Abstract: Compute-heavy embedded systems, from augmented reality to 5G networking, rely on specialized hardware in the form of digital signal processors (DSPs). However, DSPs are designed to prioritize energy efficiency and predictability over programmability, with simple in-order architectures that offer little hardware-provided parallelism. Existing auto-vectorizing compilers can struggle to optimize small linear algebra kernels that rely on complex data movements. An expert can reach state-of-the-art performance by hand-writing specialized implementations to use vector instructions, but they must repeat this manual effort for each size instance. In this talk, I will describe Diospyros, a search-based compiler that automates this task of finding efficient vectorizations for smaller linear algebra kernels.
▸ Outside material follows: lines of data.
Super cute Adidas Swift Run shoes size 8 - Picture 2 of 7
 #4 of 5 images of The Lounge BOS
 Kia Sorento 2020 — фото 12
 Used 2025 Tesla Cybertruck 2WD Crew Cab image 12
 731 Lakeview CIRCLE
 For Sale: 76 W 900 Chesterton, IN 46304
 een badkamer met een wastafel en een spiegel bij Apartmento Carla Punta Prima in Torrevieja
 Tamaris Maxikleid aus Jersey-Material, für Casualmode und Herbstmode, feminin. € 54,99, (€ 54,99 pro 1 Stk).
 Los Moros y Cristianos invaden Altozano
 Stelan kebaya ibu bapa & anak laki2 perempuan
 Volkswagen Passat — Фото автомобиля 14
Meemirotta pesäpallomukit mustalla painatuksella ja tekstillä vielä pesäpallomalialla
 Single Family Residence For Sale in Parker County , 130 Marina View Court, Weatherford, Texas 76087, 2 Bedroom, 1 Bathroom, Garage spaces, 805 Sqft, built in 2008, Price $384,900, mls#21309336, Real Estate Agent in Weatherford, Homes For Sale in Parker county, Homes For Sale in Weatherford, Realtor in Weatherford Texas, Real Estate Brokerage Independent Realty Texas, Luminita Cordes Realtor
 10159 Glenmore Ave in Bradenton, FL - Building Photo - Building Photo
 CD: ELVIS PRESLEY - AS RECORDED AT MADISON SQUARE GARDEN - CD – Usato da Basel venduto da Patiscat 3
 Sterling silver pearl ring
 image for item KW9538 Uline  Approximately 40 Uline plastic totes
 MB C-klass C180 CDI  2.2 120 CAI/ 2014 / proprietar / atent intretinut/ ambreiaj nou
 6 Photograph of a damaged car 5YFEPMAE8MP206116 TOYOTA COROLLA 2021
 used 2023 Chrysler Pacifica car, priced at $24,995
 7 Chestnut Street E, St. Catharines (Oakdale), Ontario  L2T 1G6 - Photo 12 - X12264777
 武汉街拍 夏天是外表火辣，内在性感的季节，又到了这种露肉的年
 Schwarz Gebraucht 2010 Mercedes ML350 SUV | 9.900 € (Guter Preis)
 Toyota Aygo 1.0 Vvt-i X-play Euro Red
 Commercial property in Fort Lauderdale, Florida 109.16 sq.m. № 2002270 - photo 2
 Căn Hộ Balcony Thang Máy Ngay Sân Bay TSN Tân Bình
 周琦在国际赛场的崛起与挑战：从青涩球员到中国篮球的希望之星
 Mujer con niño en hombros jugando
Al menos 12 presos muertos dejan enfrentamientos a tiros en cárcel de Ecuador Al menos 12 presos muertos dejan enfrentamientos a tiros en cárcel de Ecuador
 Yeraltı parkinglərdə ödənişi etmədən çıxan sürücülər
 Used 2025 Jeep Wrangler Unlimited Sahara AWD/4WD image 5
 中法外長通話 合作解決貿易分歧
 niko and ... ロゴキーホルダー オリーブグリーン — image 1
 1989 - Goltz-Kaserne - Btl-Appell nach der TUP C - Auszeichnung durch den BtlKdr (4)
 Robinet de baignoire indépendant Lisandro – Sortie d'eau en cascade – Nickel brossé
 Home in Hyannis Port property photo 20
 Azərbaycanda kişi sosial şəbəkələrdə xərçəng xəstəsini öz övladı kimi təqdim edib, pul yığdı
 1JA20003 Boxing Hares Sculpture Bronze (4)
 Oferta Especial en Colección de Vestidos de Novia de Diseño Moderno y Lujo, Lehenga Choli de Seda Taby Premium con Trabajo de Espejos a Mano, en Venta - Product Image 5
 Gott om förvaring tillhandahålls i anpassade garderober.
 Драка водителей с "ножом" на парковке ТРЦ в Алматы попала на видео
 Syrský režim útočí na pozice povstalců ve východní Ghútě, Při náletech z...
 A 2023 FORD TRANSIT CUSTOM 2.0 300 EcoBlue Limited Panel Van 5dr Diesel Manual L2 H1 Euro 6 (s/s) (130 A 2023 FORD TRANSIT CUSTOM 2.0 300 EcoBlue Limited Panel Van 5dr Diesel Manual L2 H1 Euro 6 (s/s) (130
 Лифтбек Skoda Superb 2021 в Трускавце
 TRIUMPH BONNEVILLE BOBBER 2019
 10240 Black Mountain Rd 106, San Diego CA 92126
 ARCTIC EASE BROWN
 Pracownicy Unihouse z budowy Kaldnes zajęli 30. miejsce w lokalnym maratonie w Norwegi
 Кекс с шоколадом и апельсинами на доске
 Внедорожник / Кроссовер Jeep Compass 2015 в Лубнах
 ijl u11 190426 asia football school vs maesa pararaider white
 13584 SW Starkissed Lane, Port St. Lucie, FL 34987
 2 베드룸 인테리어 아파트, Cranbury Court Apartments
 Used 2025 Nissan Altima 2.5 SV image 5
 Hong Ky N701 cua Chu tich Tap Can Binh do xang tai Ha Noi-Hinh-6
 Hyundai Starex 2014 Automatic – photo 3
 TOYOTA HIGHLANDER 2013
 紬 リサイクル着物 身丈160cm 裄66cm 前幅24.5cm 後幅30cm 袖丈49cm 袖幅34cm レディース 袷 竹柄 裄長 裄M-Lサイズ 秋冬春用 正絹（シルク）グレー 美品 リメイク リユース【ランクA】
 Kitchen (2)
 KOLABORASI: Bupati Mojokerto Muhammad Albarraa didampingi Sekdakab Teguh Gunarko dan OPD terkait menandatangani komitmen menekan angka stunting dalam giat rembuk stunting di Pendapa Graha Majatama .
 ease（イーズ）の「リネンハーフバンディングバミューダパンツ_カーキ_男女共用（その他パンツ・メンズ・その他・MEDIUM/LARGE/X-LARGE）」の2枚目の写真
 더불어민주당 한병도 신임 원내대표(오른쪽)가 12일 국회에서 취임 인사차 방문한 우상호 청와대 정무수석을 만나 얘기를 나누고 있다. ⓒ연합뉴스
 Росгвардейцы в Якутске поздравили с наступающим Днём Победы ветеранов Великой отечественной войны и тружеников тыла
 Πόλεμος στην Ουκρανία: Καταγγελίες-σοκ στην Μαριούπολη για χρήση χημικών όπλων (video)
Diospyros combines two automated reasoning techniques, symbolic evaluation and equality saturation over rewrite rules, to vectorize computations with irregular structure. We show that Diospyros outperforms DSP libraries by 2.8x on average and demonstrate how search-based techniques can help users reach performance competitive with expert tuning with less manual effort.

Dec. 11

Speaker: Irene Yoon (University of Pennsylvania)

Title: Modular, compositional, and executable semantics for LLVM IR

Abstract: The LLVM framework has been a long-time favorite for compiler enthusiasts. It is both a widely used industrial-strength compiler (most recognizably, Apple’s latest macOS and iOS development tools) and a popular research tool (winning the ACM Software Systems Award in 2012).

How do we best ensure that LLVM-based tools (compilers, optimizers, code instrumentation passes, etc.) do what they’re supposed to — especially for safety- or security-critical applications?

This talk is an introduction to a novel formal semantics for a large, sequential subset of the LLVM IR, mechanized in the Coq proof assistant. We will see how the use of modern semantic reasoning techniques allow us to write a compositional, modular, and executable semantics. In particular, I will discuss how the development of an interaction tree-based semantics gives us (1) expressive combinators for defining compositional semantics, (2) a modular separation of concerns for effects in a language, and (3) a “for-free” extraction of an executable definitional interpreter.

No experience with LLVM or formal verification technologies will be assumed.